Pur inseguendo impulsi trasversali e deviazioni strutturali, Occoffer è consapevole che esiste una babele talmente ampia d’immagini che è difficile esprimere qualcosa di nuovo. Tuttavia, è proprio su questa soglia affollata che l’artista coltiva tensioni figurali cercando il punto d’incontro sempre diverso tra fotografia e pittura, salvando sempre l’autonomia del suo essere pittore.
Il messaggio intenzionale delle “carte digitali” fa leva su una riflessione immaginativa che vuole entrare nelle cose, captare una trasformazione in atto delle loro possibilità razionali ed emotive, sintonia di forze contrapposte che offre al lettore un campo percettivo di differenti impulsi. Trasformare le dinamiche della forma e del colore è la vera sfida che Occoffer sostiene sottraendosi al dominio pianificato dell’immagine per attivare ricordi eloquenti attraverso l’elaborazione dei nessi con il passato. Le immagini “dietro la stazione” sono legate alle amate memorie sironiane, le forme della “città perduta” evocano i tragici stravolgimenti della guerra, le opere dedicate a “Hiroshima” riconducono la mente ai dolorosi fantasmi dell’infanzia, le citazioni culturali (musica, teatro, fotografia, scultura) sono nutrimenti dell’anima, così come ogni altro reperto figurale è inscindibile dalle trame della memoria e dal fondo indistinto del vissuto.

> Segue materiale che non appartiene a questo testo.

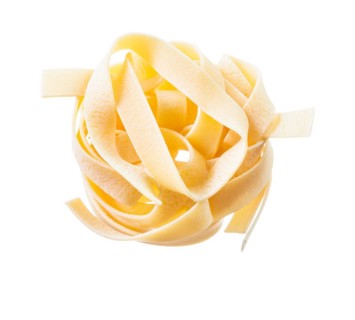 Raw pasta isolated on white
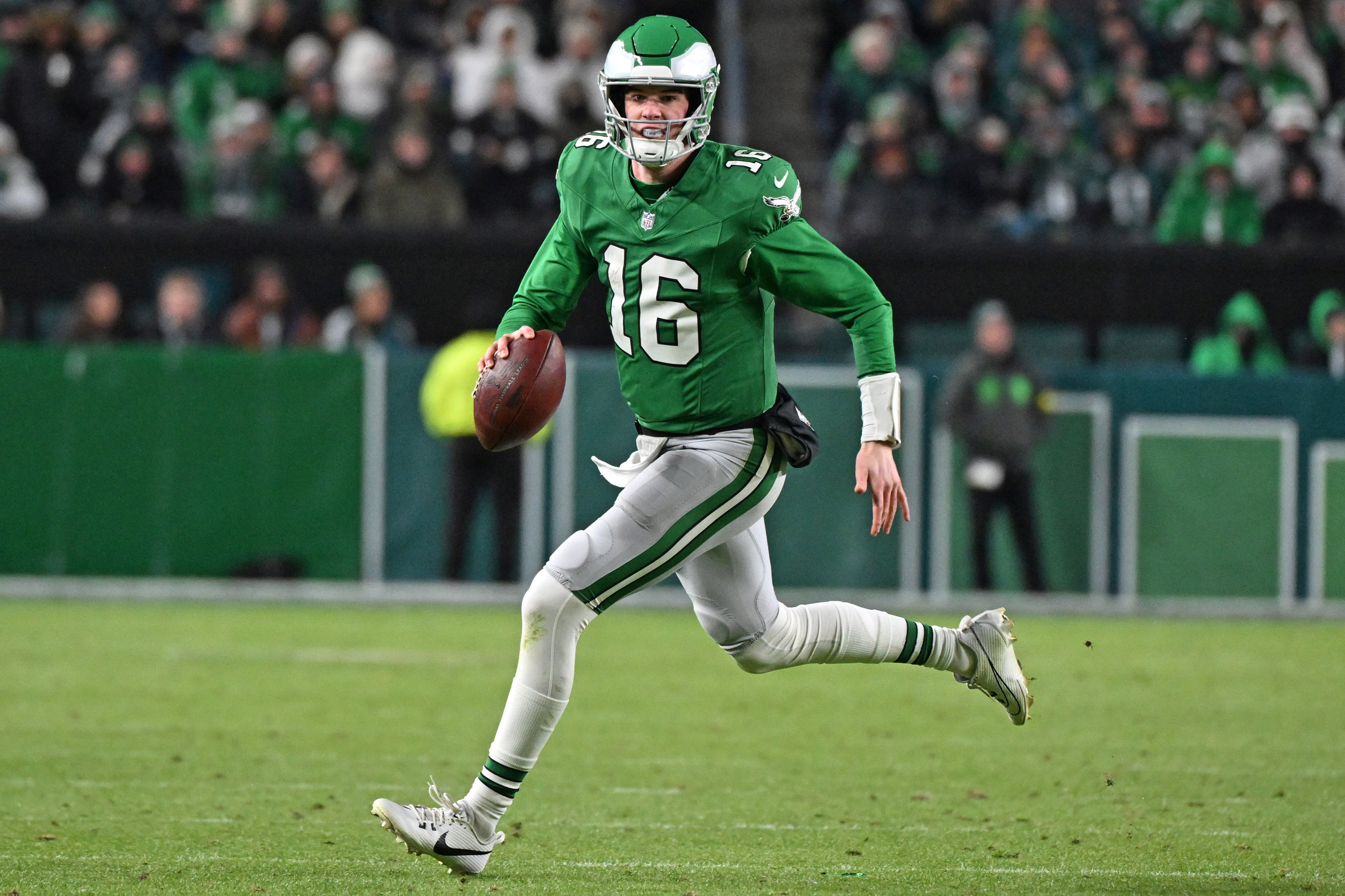 Philadelphia Eagles quarterback Tanner McKee (16) looks on as he is featured in our Eagles vs. Ravens prediction.
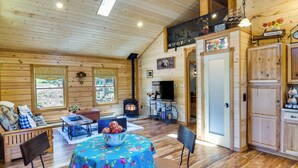 Un interior de cabaña acogedor con piso de madera, una mesa de comedor con mantel floral, chimenea y armarios de madera.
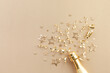 Champagne bottle with gold confetti stars, holiday decoration and party streamers on light festive background. Christmas, birthday or New Year concept.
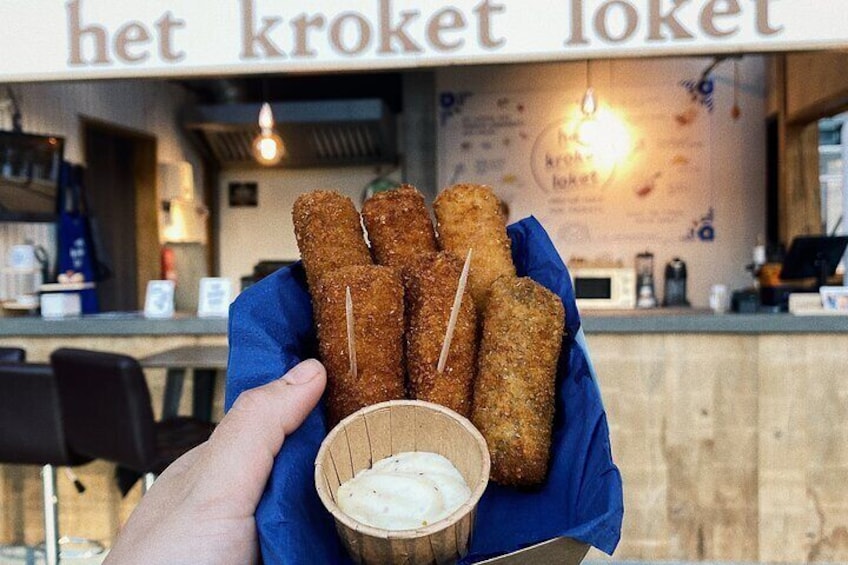 Een hand die een mandje met gebakken snacks vasthoudt, met saus erbij. 4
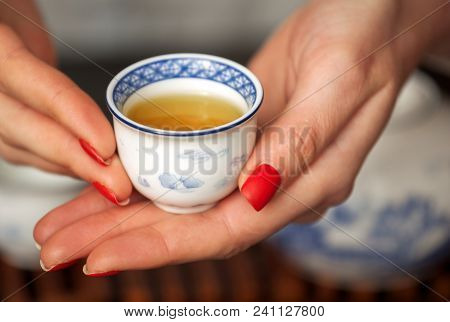 Cropped Shot Of Woman Pouring Tea In Traditional Chinese Teaware.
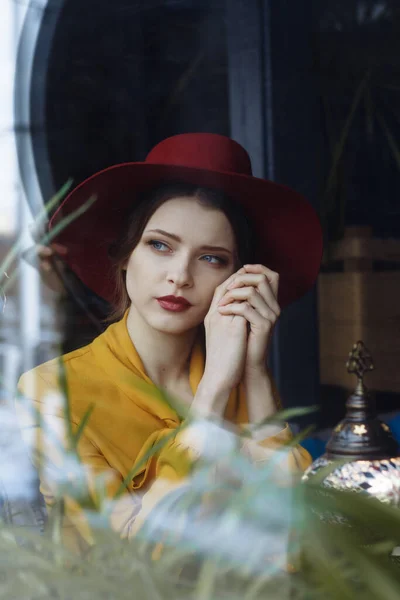Elbiseli ve şapkalı kız pencereden dışarı bakıyor, üzgün, kendini izole, depresyon, salgın — Stok fotoğraf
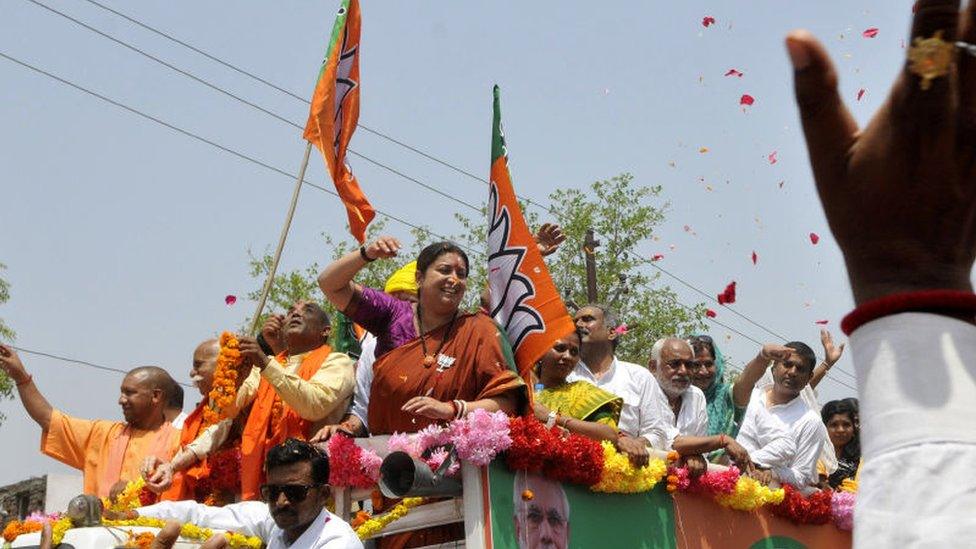 Uttar Pradesh Chief Minister Yogi Adityanath and Union Minister Smriti Irani wave at the crowd during a road show before filing her nomination papers on April 11, 2019 in Amethi, India.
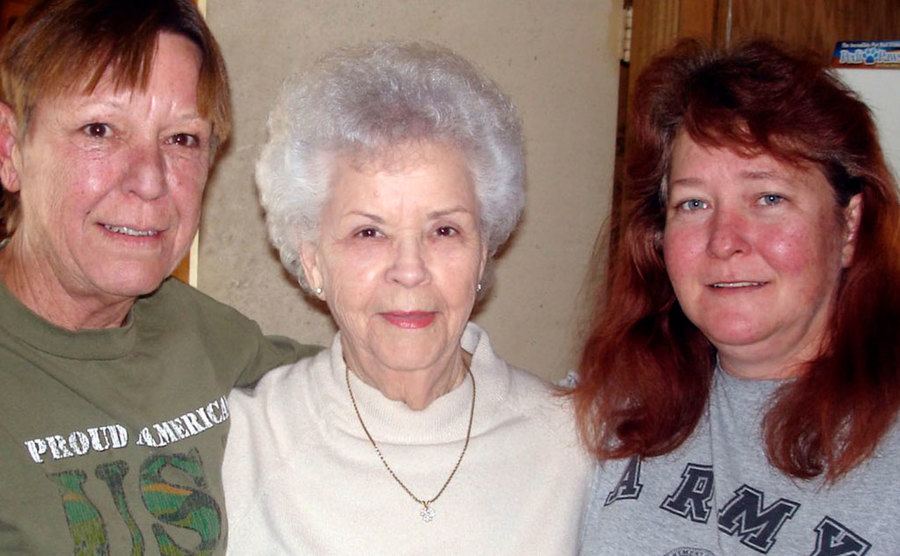An elderly Betty takes a picture with her daughters.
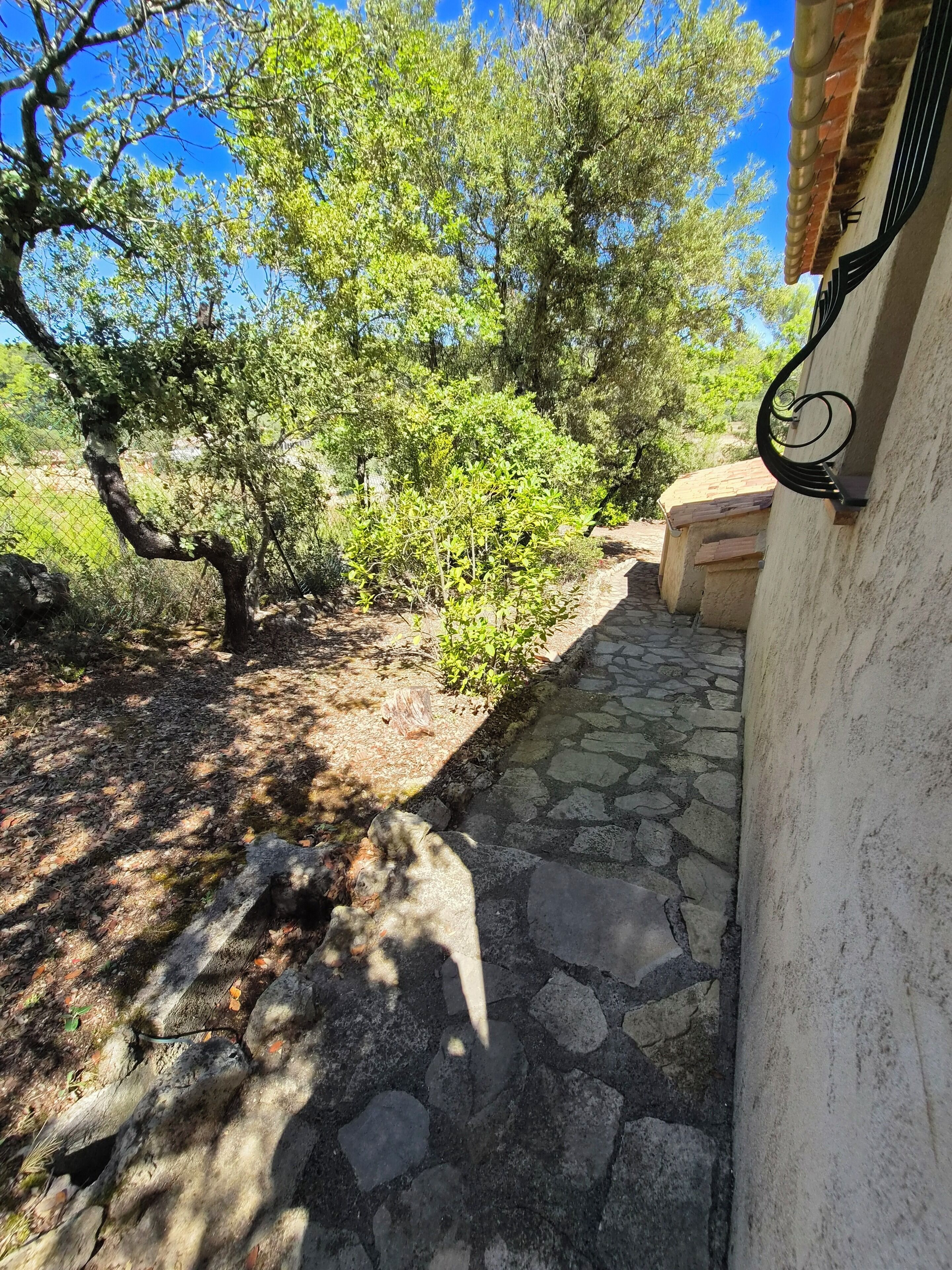 A stone pathway leading to a building with a metal railing.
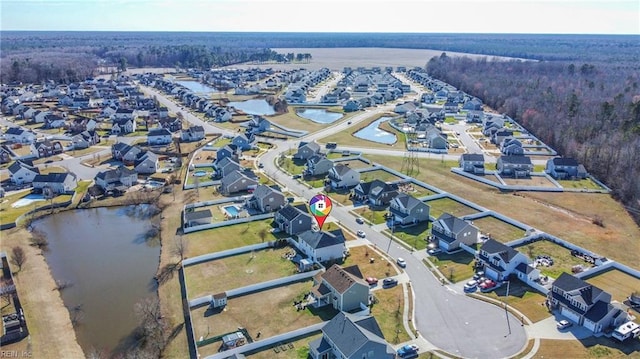 bird's eye view with a water view and a residential view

Anche se il discorso sull’arte come memoria può essere una chiave di lettura ampia e sfuggente, nella ricerca di Occoffer essa diventa strumento per vivere il presente elaborando segni reali nel corpo di una dimensione spiazzante.
L’idea di “immagine inquieta” significa sospensione ed evocazione di molteplici visioni percepite dai sensi e dilatate dal fluire delle loro vibrazioni mentali: “l’inquietudine, la mobilità, l’ambiguità dell’immagine – ha scritto l’artista- è fatta nostra nell’affascinante divenire della sua casualità” .
Le opere di questa mostra rivelano un pensiero totale che Occoffer esprime con la convinzione che solo proiettandosi fuori dai perimetri della coscienza si può recuperare il valore primario del fare arte, rivelazione di un’ebbrezza immaginativa capace di dar forza e durata all’esperimento dell’atto creativo.